2. Poor business models. While losing revenue is problematic, it is most often because the original or existing business model is no longer viable. Business planning (and measuring) is essential to ensure that opportunity and competitiveness are optimized. A business model must also be executed properly for the entity to realize revenue.
3. Management/operational issues. Entrepreneurs by nature may not possess (or employ) the proper balance between ownership and management skills. If internal management is insufficient, the effects are usually strongly reflected on the bottom line.
4. Lack of capital. All businesses must have sufficient working capital. A business should strive to maintain a balance sheet that can support three to six months of payroll and operational expenses, to maintain a cushion for unforeseen loss or crisis.
5. Credit/debt issues. Many businesses have relied on access to easy credit in the form of lines of credit, credit cards, loans and home equity lines of credit to finance their businesses.
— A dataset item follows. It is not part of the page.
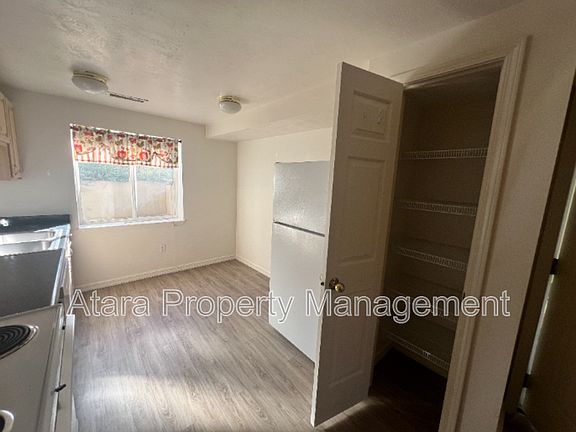 5th image of 215 N 1st St APT 106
Small businesses are now struggling as a result of tighter lending, high-rate credit cards, reduced lines and maturing loans, leaving many heavily burdened with mounting and high-cost debt. (I will discuss some alternatives to provide relief and substantially reduce debt exposure in the second part of this article.)
Any of these elements can wreak havoc on a business. Most would agree that the loss of revenue can damage a business the most. In addressing the loss of revenue, businesses and trusted advisors can begin by examining key factors such as operating expenses, receivables, pricing, service or product offering, and inventory to assess areas where cash flow can be improved.
Craig Szabo, CPA, of Szabo Accountancy in Calabasas, Calif., notes that, in his experience, loss of revenue is the key reason that businesses fail: "We have seen many more business failures, and everyone seems affected by the economy. We all used to have a cushion (savings, available credit lines and home equity); now, with credit so impacted, clients don't have the resources to salvage a business if it is distressed."